YOUR INSTRUCTIONS: Nothing outside the range is to be copied. From the entries below, reproduce exactly the lines starting at the one with "2017 INFINITI QX60 BASE 8" and ending at the one with "01/05/2011 : 3ème", without pictures.

---------- THE DATA ----------

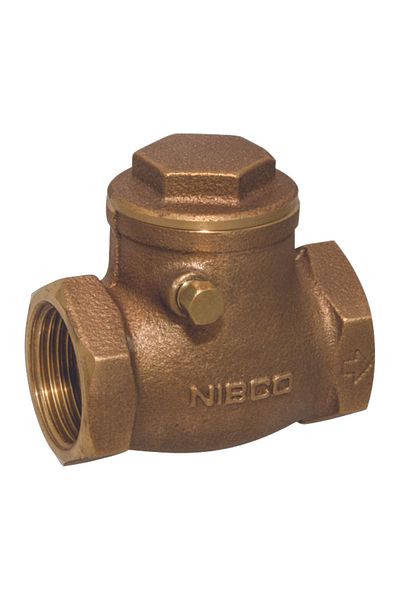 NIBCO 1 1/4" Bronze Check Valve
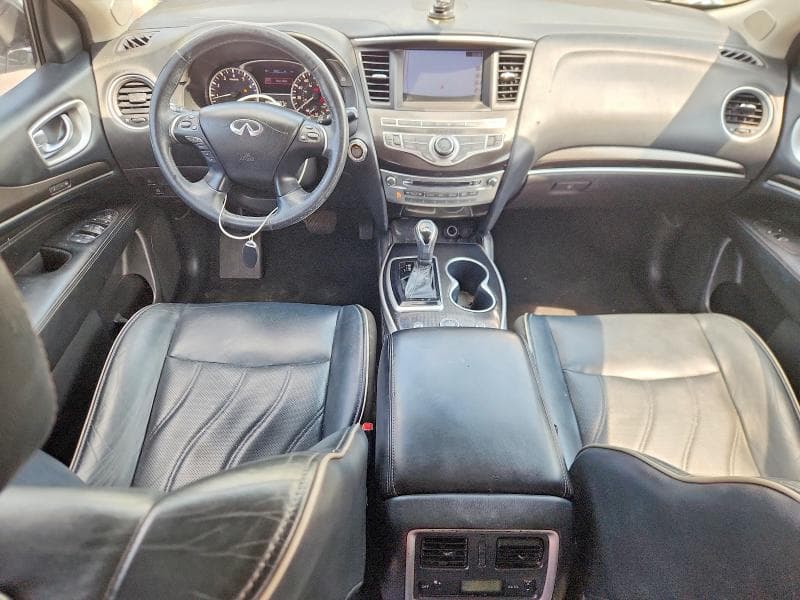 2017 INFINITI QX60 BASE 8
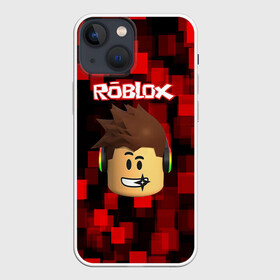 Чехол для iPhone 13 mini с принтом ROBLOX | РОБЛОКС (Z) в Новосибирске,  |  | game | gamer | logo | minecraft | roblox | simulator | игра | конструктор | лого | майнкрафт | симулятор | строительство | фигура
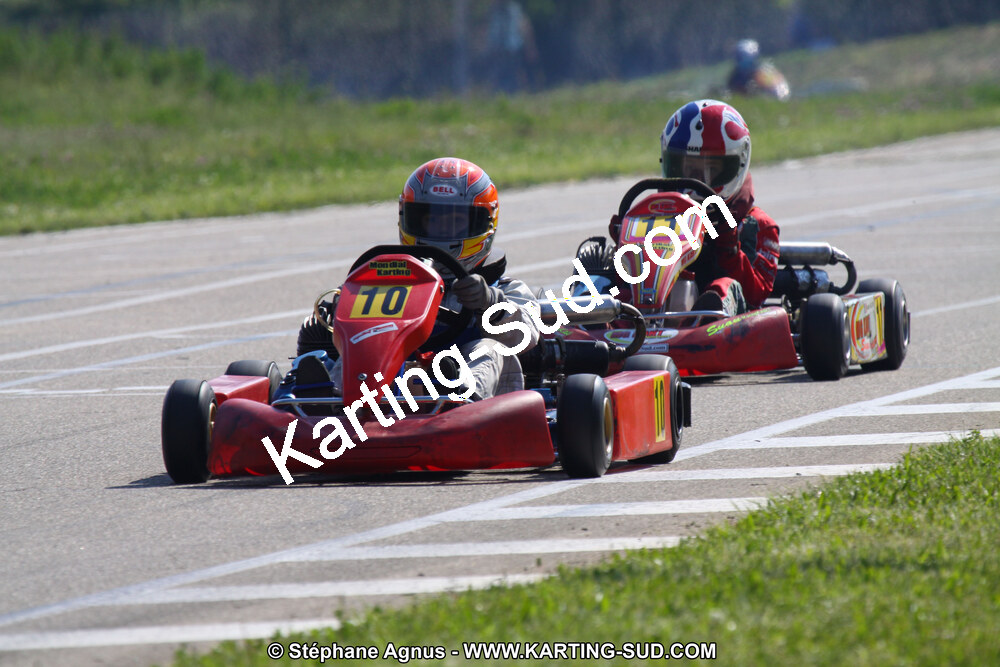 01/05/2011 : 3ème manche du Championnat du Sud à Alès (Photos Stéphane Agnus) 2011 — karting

----------
---------- THE DATA ----------

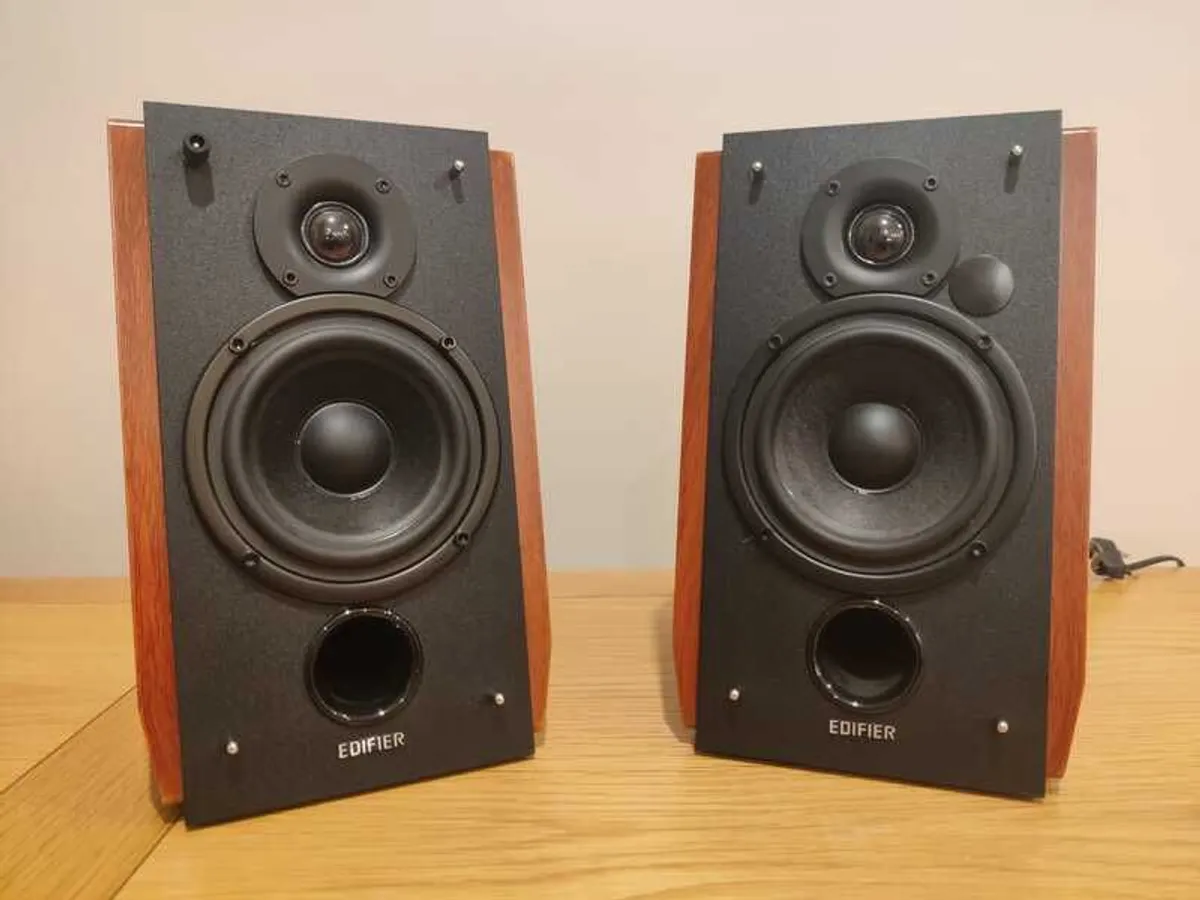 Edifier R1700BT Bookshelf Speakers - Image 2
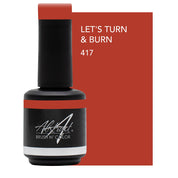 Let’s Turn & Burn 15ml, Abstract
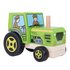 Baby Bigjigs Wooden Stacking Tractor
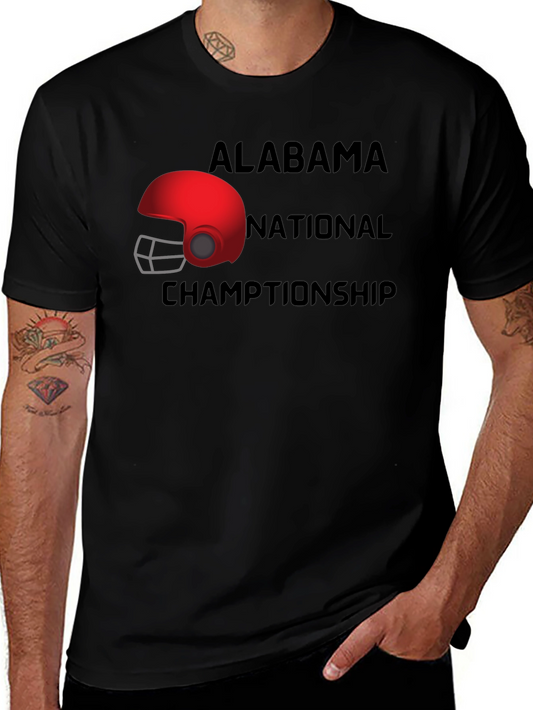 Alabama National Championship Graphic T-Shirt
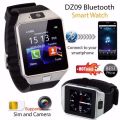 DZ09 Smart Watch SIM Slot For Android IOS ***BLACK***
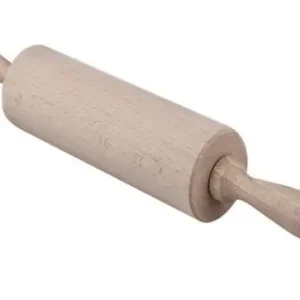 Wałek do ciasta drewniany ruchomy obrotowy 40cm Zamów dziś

----------

TASK SOLUTION:
 2017 INFINITI QX60 BASE 8
 Чехол для iPhone 13 mini с принтом ROBLOX | РОБЛОКС (Z) в Новосибирске,  |  | game | gamer | logo | minecraft | roblox | simulator | игра | конструктор | лого | майнкрафт | симулятор | строительство | фигура
 01/05/2011 : 3ème manche du Championnat du Sud à Alès (Photos Stéphane Agnus) 2011 — karting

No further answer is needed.